Date of Award

Summer 5-15-2019

Degree Type

Dissertation

Degree Name

Doctor of Philosophy (PhD)

Department

Managerial Sciences

First Advisor

Lisa Schurer Lambert

Abstract

Psychological contract literature has found that employees typically react with anger when faced with breach of their contracts (Robinson & Rousseau, 1994). However, the supervisor’s emotional reactions to evaluations of psychological contracts should also be examined because of the supervisor’s key role in overall employee performance evaluations (Ferris, Munyon, Basik, & Buckley, 2008). It is important to understand the complete process that supervisors undertake, which is likely not just a cognitive one as implied by psychological contracts and performance management literature.
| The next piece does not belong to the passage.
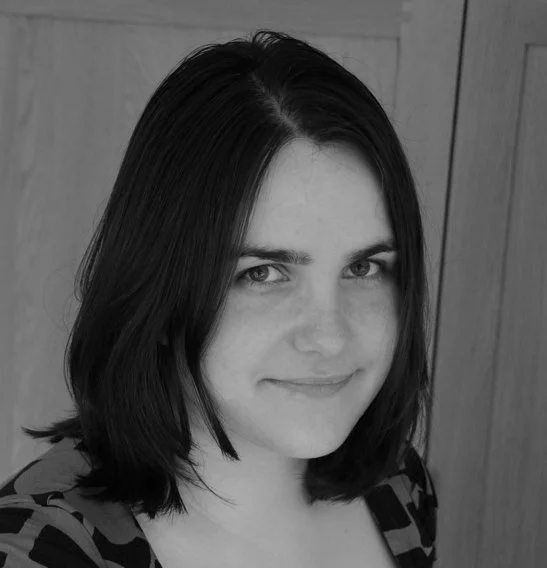 Black and white headshot of Audree Fletcher - a white woman with mid-length dark hair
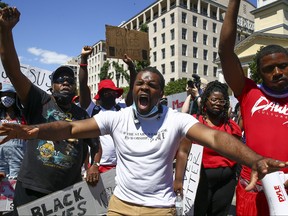 People attend a rally at the edge of Lafayette Park across the street from the White House during protests over the death of George Floyd on June 7, 2020 in Washington, D.C.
In this empirical essay, I use emotions and affect events theories as the foundations of supervisors’ emotional reactions to comparing the promised and delivered contributions from their employees. I then build on power-dependence theory to hypothesize about how these emotional reactions are influenced by the supervisor’s dependence on the employee’s contributions. I focus on a variety of emotions – satisfaction, pride in employees, gratitude, anger, disappointment, and jealousy as mediators and neglect and mentoring as employee-targeted outcomes. I aim to show that, because of their dependence on employees’ delivery of contributions and emotion regulation abilities, supervisors experience a variety of emotions – positive and negative – that lead to positive and negative employee-targeted outcomes.